One of the FBI’s top ten most wanted criminals has finally been apprehended. Canadian snowboarder Ryan Wedding, who competed in the 2002 Winter Olympics, was arrested Thursday, Jan. 22, 2026 in Mexico.
Wedding gained a spot on the list for allegedly orchestrating a transitional drug trafficking network. This involved shipping hundreds of kilograms of cocaine from Colombia through Mexico and Southern California to Canada and throughout the United States, along with his involvement in multiple murders and attempted murder. He has since pleaded not guilty. He is also wanted by authorities in Canada for drug-related charges.
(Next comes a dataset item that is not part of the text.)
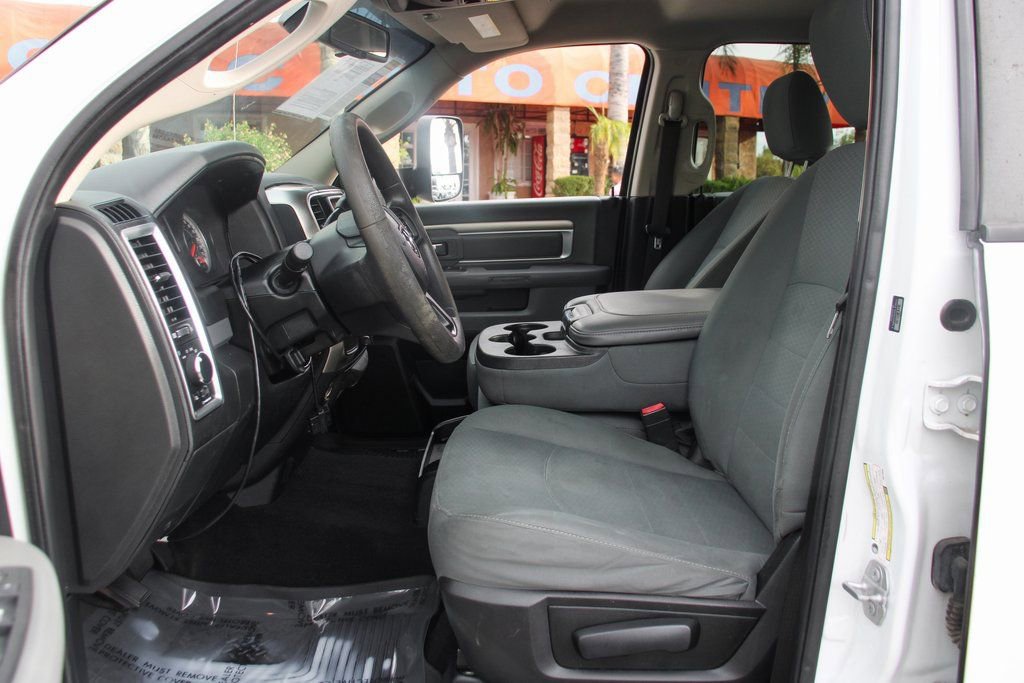 Used 2018 RAM 2500 SLT AWD/4WD image 16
Wedding was born in 1981 in Thunder Bay, Ontario. His grandparents owned a ski mountain and his uncle, Craig Spiess, was the coach for the Canadian national women’s ski team. Born into a family of skiers, Wedding was destined to be on the slopes. He started his career on the Canadian national snowboarding team at 15 years old. During his career, he traveled around the world to compete, including visits to Italy, France, Chile, Austria, and Japan.
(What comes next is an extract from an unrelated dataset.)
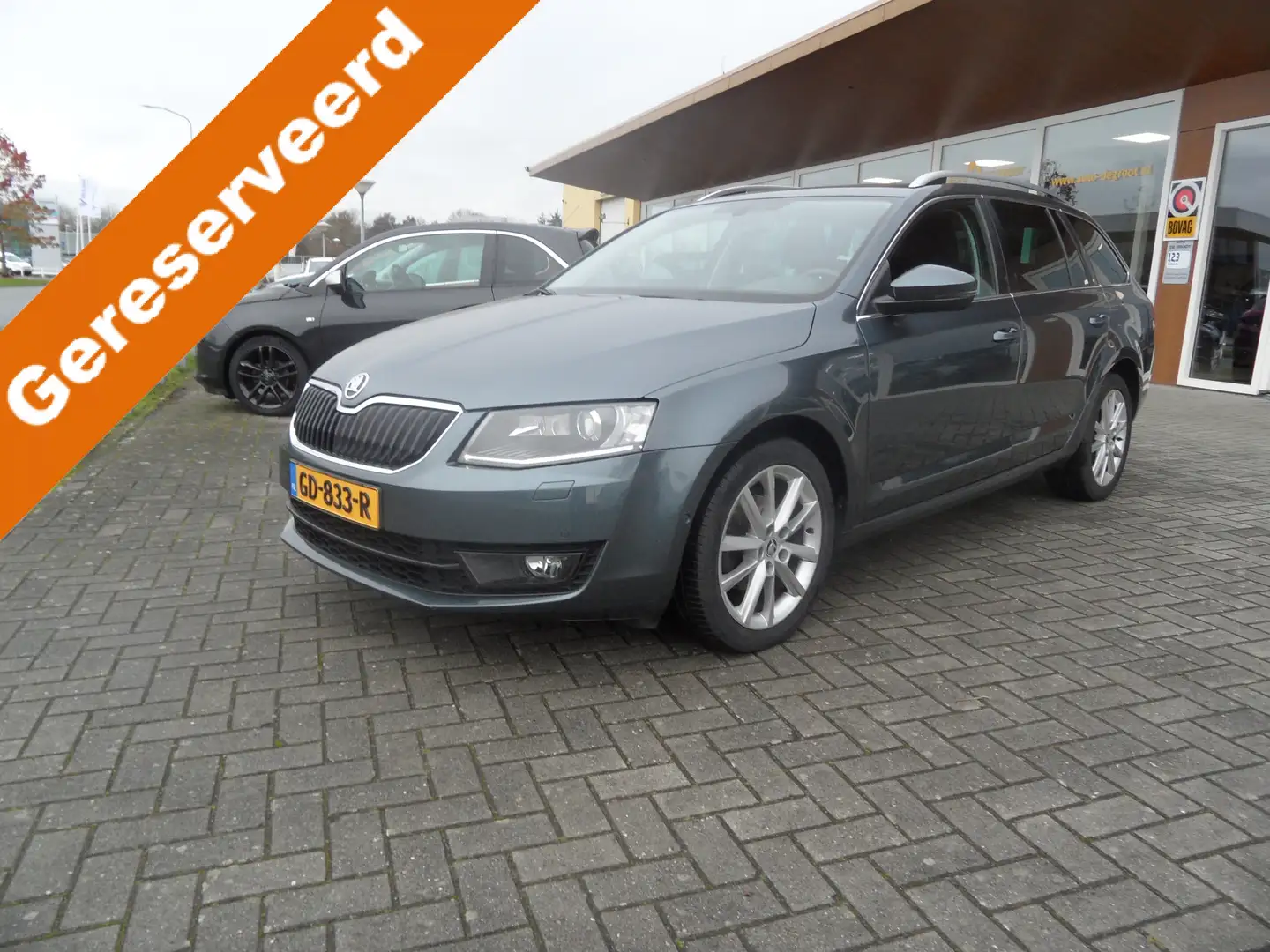 Skoda Octavia Combi 1.6 TDI Elegance Businessline Automaat Grau - 1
Before gaining attention as a drug trafficker, Wedding was a Canadian snowboarder that competed in the men’s parallel giant slalom event in the winter Olympics in Salt Lake City, Utah. He did not win any Olympic medals in his career.
After his career as a snowboarder, Wedding decided to make money in a different way. He moved to Vancouver and enrolled in Simon Fraser University. In 2009, Rolling Stone reported that Wedding took a job as a bouncer at a night club leading him to the drug world.
In 2006, Wedding was named in a search warrant in Maple Ridge, British Columbia for suspicion of growing large quantities of marijuana. Later in 2010, he was convicted and sentenced to four years in prison for attempting to buy cocaine from a government agent in 2008. While in court, Wedding pleaded his case, explaining, “What I did was completely out of character for me, and it is a personal mission of mine to rebuild my reputation. As an athlete, I was always taught that there are no second chances, and, well, I’m here asking for exactly that.” Wedding was released in 2011.
After his release, Wedding fled to Mexico joining one of the largest drug cartels Sinaloa Cartel and becoming a high-ranked member. Then, in October of 2024, federal prosecutors announced the indictment of him for running a criminal enterprise, cocaine trafficking and murder. The enterprise was believed to begin around 2011.